Rajendra Singh Shekhawat, also known as Raosaheb Shekhawat, is a politician in the Indian state of Maharashtra. He is a former Member of Legislative Assembly (MLA) for the Amravati constituency of the Maharashtra Legislative Assembly.

== Family ==
Shekhawat is the son of Pratibha Patil, the former President of India, and Devisingh Ramsingh Shekhawat, a former MLA and First Mayor of Amravati. He has a sister.

== Politics ==
Shekhawat, who has a son and a daughter, was a car dealer in Mumbai from 1990 until he became a politician. Prior to being elected to the state legislature in 2009, Shekhawat had worked for the Indian National Congress (INC) for a decade. He had been vice-president of the Amravati District Congress Committee and secretary of the Mumbai Regional Congress Committee, as well as having involvement with the Seva Dal and Youth Congress. He had been looking for an opportunity to be elected since 2004.

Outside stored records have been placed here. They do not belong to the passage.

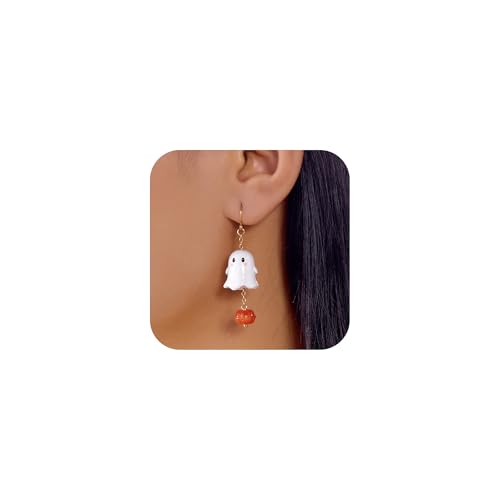 SLOONG Cute Halloween Earrings for Women Dangle White Ghost Pumpkin Gold Dangle Earring Hallowee Jewelry Accessories Hypoallergenic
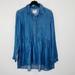 American Eagle Outfitters Tops | American Eagle Women's Small Blouse Blue Denim Long Sleeve Peplum Tunic Ba25 | Color: Blue | Size: S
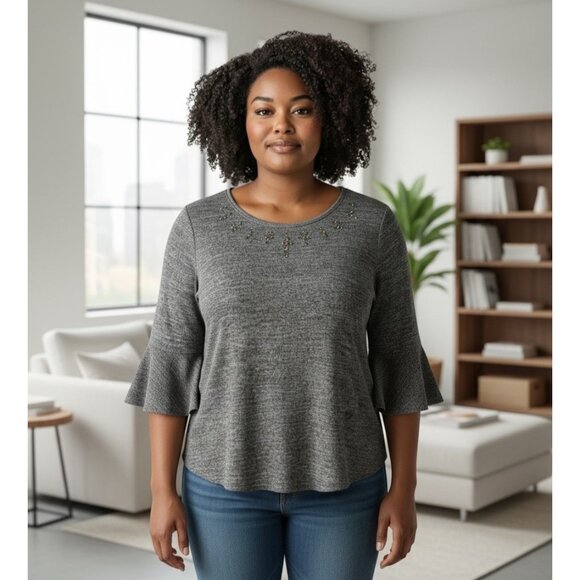 APT 9 Women's Plus Size XXL Gray Bell Sleeve Sweater Beaded Neckline Boho Hippie - Picture 1 of 12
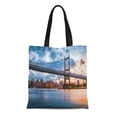thumbnail image 1 of ASHLEIGH Canvas Tote Bag Robert F Kennedy Bridge Aka Triboro at Sunset Durable Reusable Shopping Shoulder Grocery Bag, 1 of 1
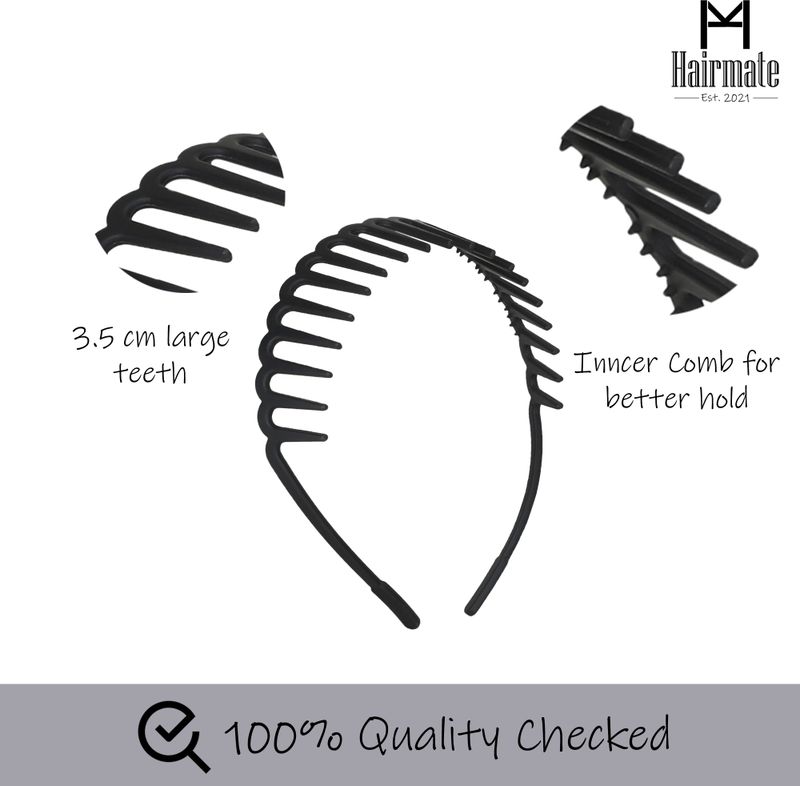 Hairmate Unisex Combed Crown/Shark Teeth Bands (Pack of 2) - Image 4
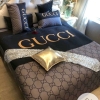 Gucci Black Brown 3 Bedding Sets Duvet Cover Sheet Cover Pillow Cases Luxury Bedroom Sets 2022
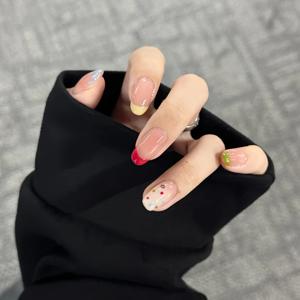 TEMU 10개입 K'APEINE 핸드메이드 도파민 네일 폴리쉬 숏 오벌 프레스온 네일 - 하트 & 파스텔 팁, 클리어 베이스 & 멀티컬러 (핑크, 그린, 옐로우, 레드, 블루, 화이트) - 글로시 셸라크 폴리쉬, 세니티브 라이트 베이지, 프렌치 매니큐어 스타일, 쉬운 적용, 램프 불필요|매니큐어|네일팁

Shekhawat won the Amravati Vidhan Sabha seat in the 2009 Maharashtra Legislative Assembly elections. Standing as a candidate of the INC, he defeated the incumbent, Sunil Deshmukh, by 5614 votes. There were accusations that Shekhawat's family connections had influenced the INC decision to select him as a candidate, which had in turn caused Deshmukh - previously himself an INC representative - to stand as an independent. Shekhawat's mother and father had in the past been elected to represent the town in the Lok Sabha and Vidhan Sabha, respectively.

Shekhawat again contested the Amravati seat in the 2014 elections, as also did Deshmukh. On this occasion, it was Deshmukh, now standing as a candidate for the Bharatiya Janata Party, who emerged as winner.